# PROBLEM TO WORK ON:
Everything in the listing below except the pictures should be reproduced exactly.

# DATA TO USE:
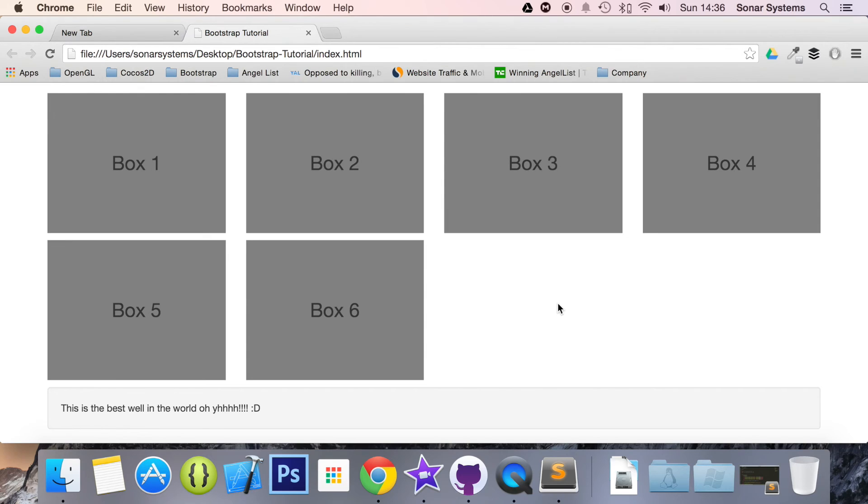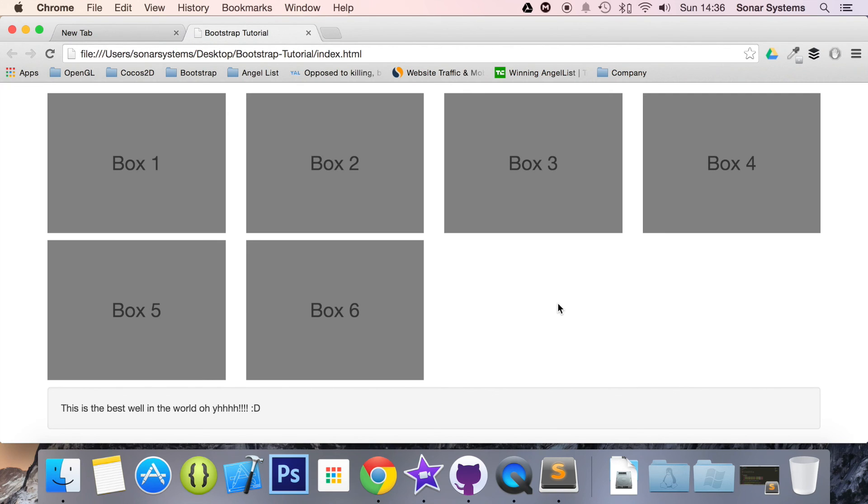feel free to message us at support@sonarsystems.co.uk. All the required source code will be in the description. To see over 850 completely free videos just like this one, visit sonarlearning.co.uk. Get there today and join for free, which allows you to take private notes against all your videos. And as usual, thank you for watching and I hope you have a great day.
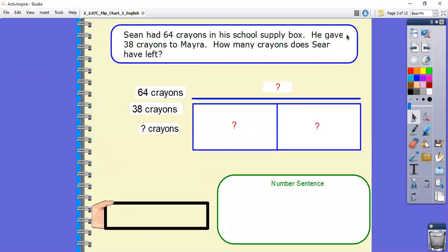Let's take a look at this problem. Take a second, look at the problem in the blue box, and read it to yourself, then we'll read it together. Sean had 64 crayons in his school supply box. He gave 38 crayons to Myra. How many crayons does Sean have left?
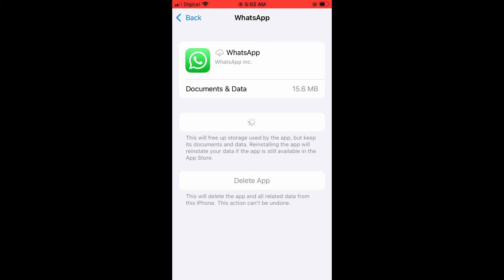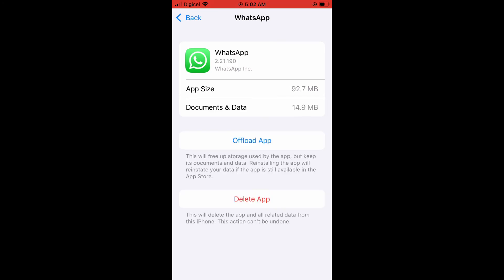...be working perfectly again. Hope you found this video helpful and informative on how to fix WhatsApp 'You cannot place a WhatsApp call if you are already on another call.'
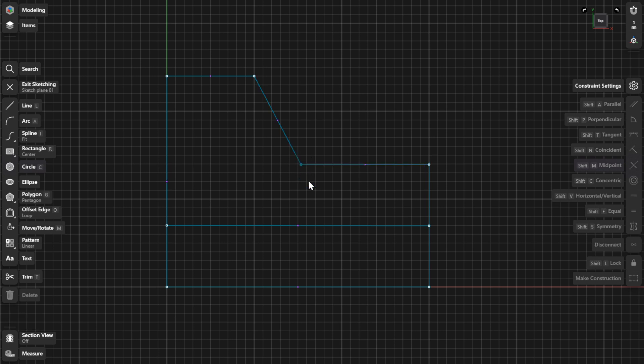You can also lock points by selecting Lock from the Constraints menu. Locked sketch points appear solid in color.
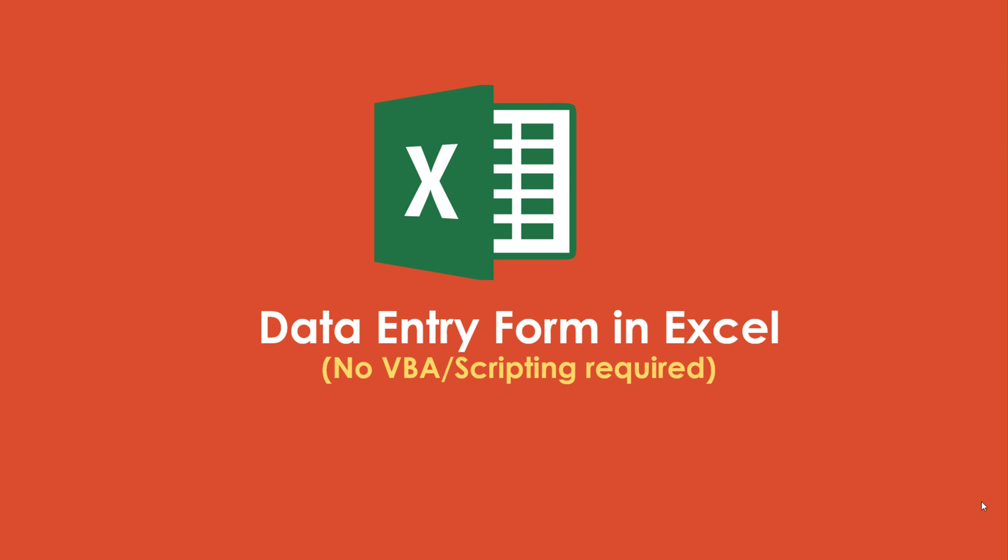Hello viewers, welcome to AskMeIn. In this tutorial, we are going to see how to do data entry using a form in Excel.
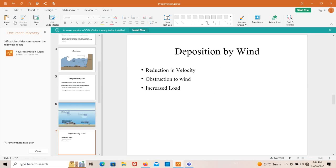Deposition by wind also has three mechanisms: reduction in velocity, obstructions to wind, and increased load. Reduction in velocity means when wind loses velocity, deposition occurs. Obstructions to wind means when any obstruction comes in the path of wind, deposition occurs. Increased load means when eroded material accumulates in large quantity, deposition occurs.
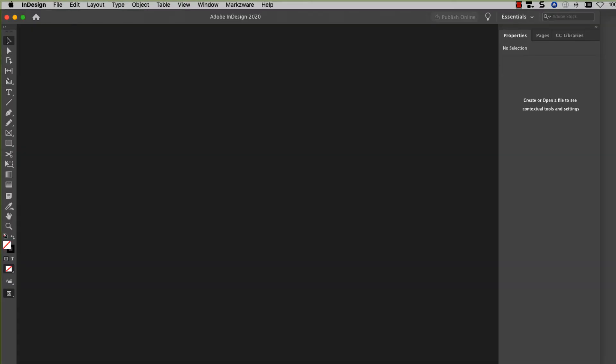Now let's take a look at how the scripts look in InDesign. So this is InDesign CC, or InDesign 2020. And once the scripts are installed, there's a new item here in the main menu bar called Markzware.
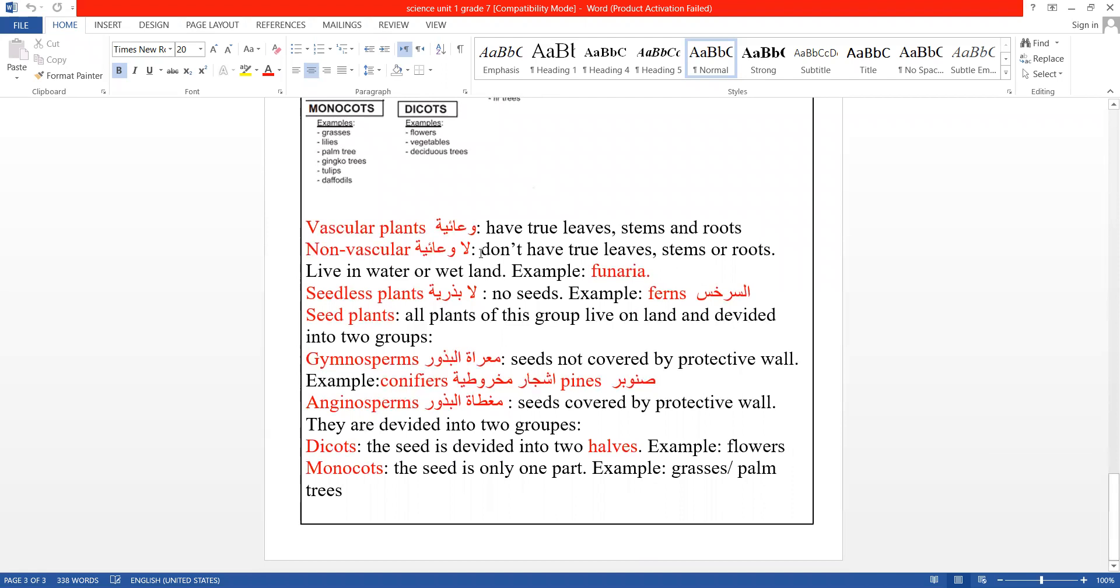Angiosperms (اللي هي مغطاة البذور) and gymnosperms (اللي هي معرّات البذور). Angiosperms means seeds covered by protective wall (مغطاة البذور لها غطاء حامي لها).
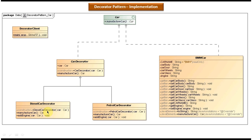The diesel car decorator will add a diesel engine to the BMW car, and the petrol car decorator will add a petrol engine to the BMW car. These two decorator classes are used to decorate the car. When you call BMW car you get it without an engine, and then you use the decorator classes to add the engine — diesel car decorator adds a diesel engine, petrol car decorator adds a petrol engine.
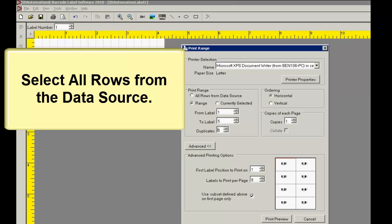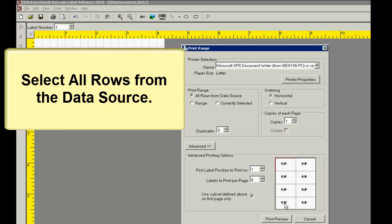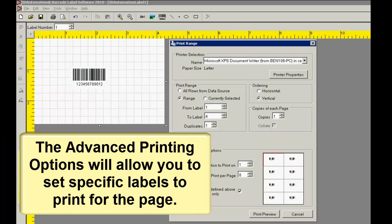Select all rows from the data source to print all the items in the row. The Advanced Printing options will allow you to set specific labels to print for the page.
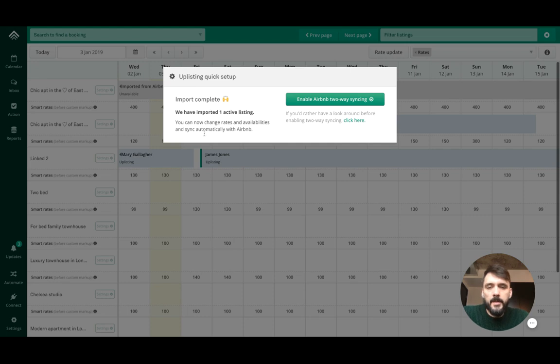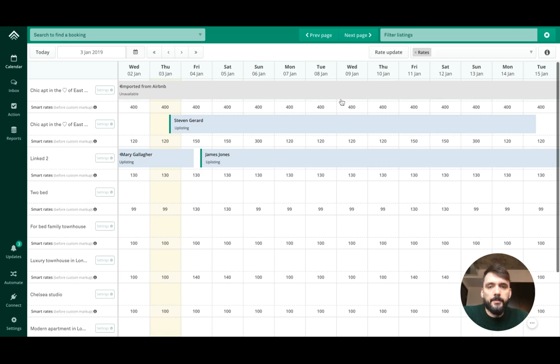That's done. This listing has now been imported to Uplisting and I can enable two-way syncing with Airbnb automatically, which I'll do.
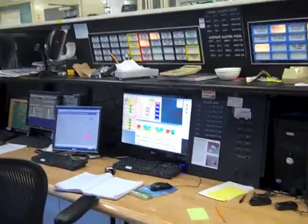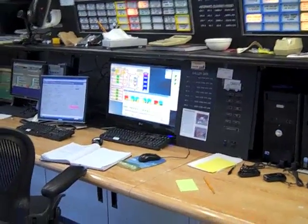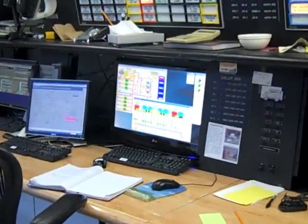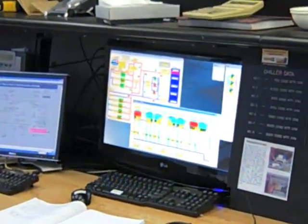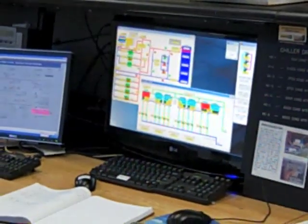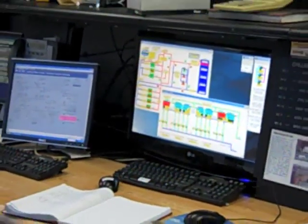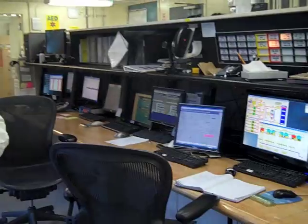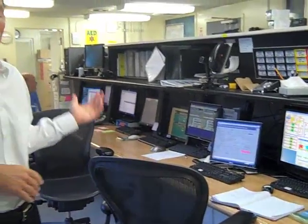We have a control system that we interface into, allowing us to ramp the turbines up and down as necessary. We also have a control system that monitors all the different heating and cooling equipment so operators can see the various temperatures and critical control components. All other auxiliaries — pumps and heat exchangers — are monitored by a different system.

# REPLY TO THE TASK:
feel free to message us at support@sonarsystems.co.uk. All the required source code will be in the description. To see over 850 completely free videos just like this one, visit sonarlearning.co.uk. Get there today and join for free, which allows you to take private notes against all your videos. And as usual, thank you for watching and I hope you have a great day.
Let's take a look at this problem. Take a second, look at the problem in the blue box, and read it to yourself, then we'll read it together. Sean had 64 crayons in his school supply box. He gave 38 crayons to Myra. How many crayons does Sean have left?
...be working perfectly again. Hope you found this video helpful and informative on how to fix WhatsApp 'You cannot place a WhatsApp call if you are already on another call.'
You can also lock points by selecting Lock from the Constraints menu. Locked sketch points appear solid in color.
Hello viewers, welcome to AskMeIn. In this tutorial, we are going to see how to do data entry using a form in Excel.
Deposition by wind also has three mechanisms: reduction in velocity, obstructions to wind, and increased load. Reduction in velocity means when wind loses velocity, deposition occurs. Obstructions to wind means when any obstruction comes in the path of wind, deposition occurs. Increased load means when eroded material accumulates in large quantity, deposition occurs.
Now let's take a look at how the scripts look in InDesign. So this is InDesign CC, or InDesign 2020. And once the scripts are installed, there's a new item here in the main menu bar called Markzware.
Angiosperms (اللي هي مغطاة البذور) and gymnosperms (اللي هي معرّات البذور). Angiosperms means seeds covered by protective wall (مغطاة البذور لها غطاء حامي لها).
The diesel car decorator will add a diesel engine to the BMW car, and the petrol car decorator will add a petrol engine to the BMW car. These two decorator classes are used to decorate the car. When you call BMW car you get it without an engine, and then you use the decorator classes to add the engine — diesel car decorator adds a diesel engine, petrol car decorator adds a petrol engine.
Select all rows from the data source to print all the items in the row. The Advanced Printing options will allow you to set specific labels to print for the page.
That's done. This listing has now been imported to Uplisting and I can enable two-way syncing with Airbnb automatically, which I'll do.
We have a control system that we interface into, allowing us to ramp the turbines up and down as necessary. We also have a control system that monitors all the different heating and cooling equipment so operators can see the various temperatures and critical control components. All other auxiliaries — pumps and heat exchangers — are monitored by a different system.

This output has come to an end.